Using GRC Tools for Dodd-Frank Act Compliance
If you ask anyone who works in financial services what will have the biggest impact on their industry in 2013, one thing will likely come to mind: The Dodd-Frank Act. Although the Dodd–Frank Wall Street Reform and Consumer Protection Act was signed into law in 2010, companies will feel its mark most this year with more than 400 rules taking effect. This law creates significant challenges for the regulatory agencies and almost every part of the nation's financial services industry. However, governance, risk and compliance (GRC) practitioners will feel the biggest strain as they already are dealing with an increased workload due to the many layoffs that occurred during the economic downturn. Now, they now have the added responsibility of ensuring their organizations comply with all rules of the Dodd-Frank Act. And unlike with some regulations, there are no extensions expected with the Dodd-Frank Act, so regulators will be expecting compliance immediately. If found non-compliant, companies can face hefty fines and other sanctions.

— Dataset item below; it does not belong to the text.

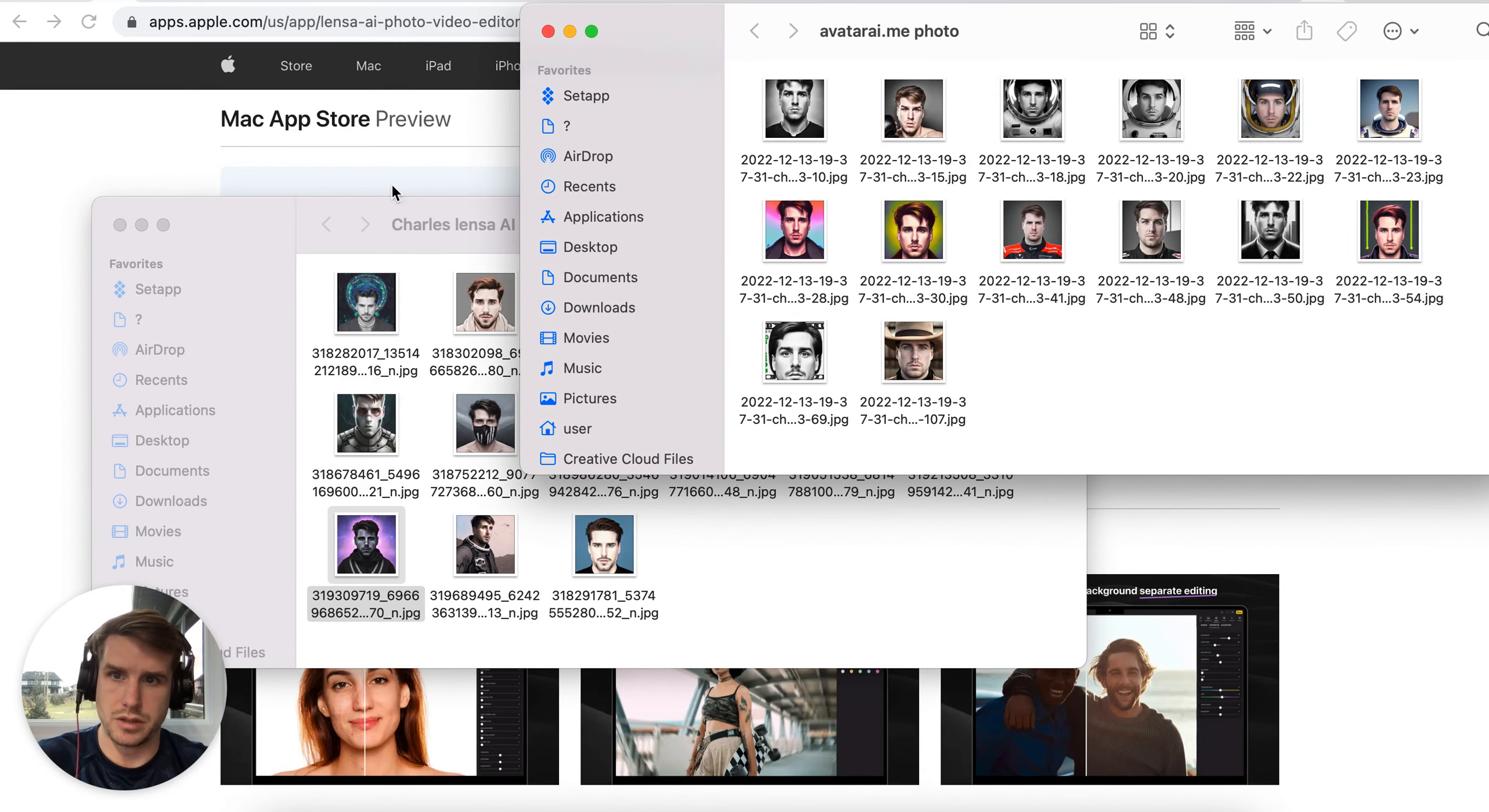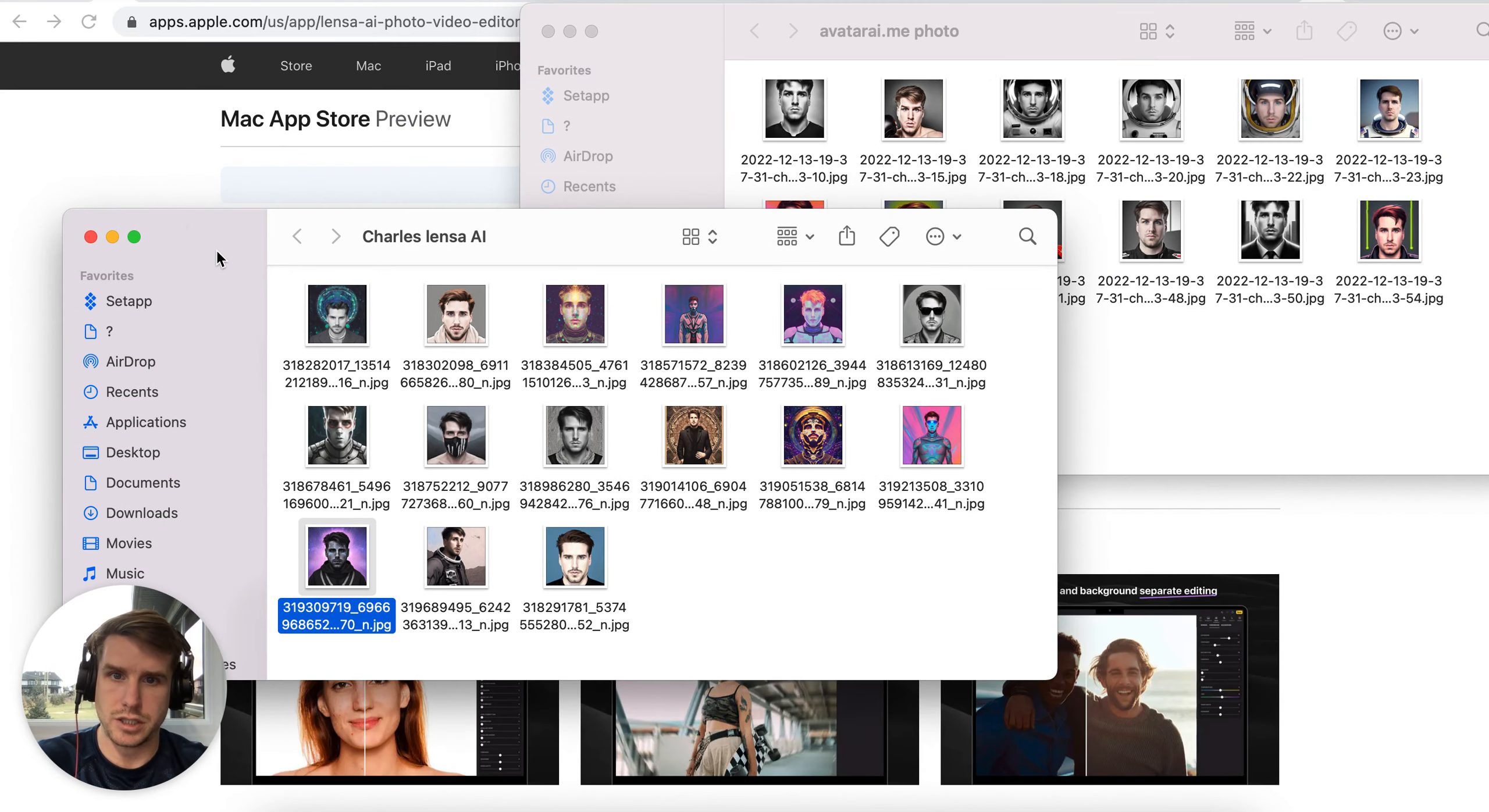Paid like 30 bucks. They're constantly changing the price which is a cool experiment, but kind of not so cool from the consumer side. Lenza charged like seven bucks and their pictures are way better. Their onboarding process is way simpler.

So, what can GRC practitioners do to ensure their organizations comply with the Dodd-Frank Act? The most obvious thing they can do is understand how the 400+ rules and supporting processes may conflict and duplicate already existing controls within the organization. However, comprehensive GRC tools can help make a GRC practitioner’s job more efficient as they try to implement Dodd-Frank regulations. The key features of these tools are:
- An out-of-the-box library which can include a substantial body of authoritative sources that are mapped to control suites and control frameworks, which helps reduce redundancy and repetitiveness in the suite of controls;
- Suites of several hundred controls that were written by subject matter experts;
- Pre-designed questionnaires for risk assessments and control self assessments;
- Functionality that promotes automation of GRC processes allowing practitioners to focus more on analysis and less on integration; and,
- Metrics that measure the quality of the implementation.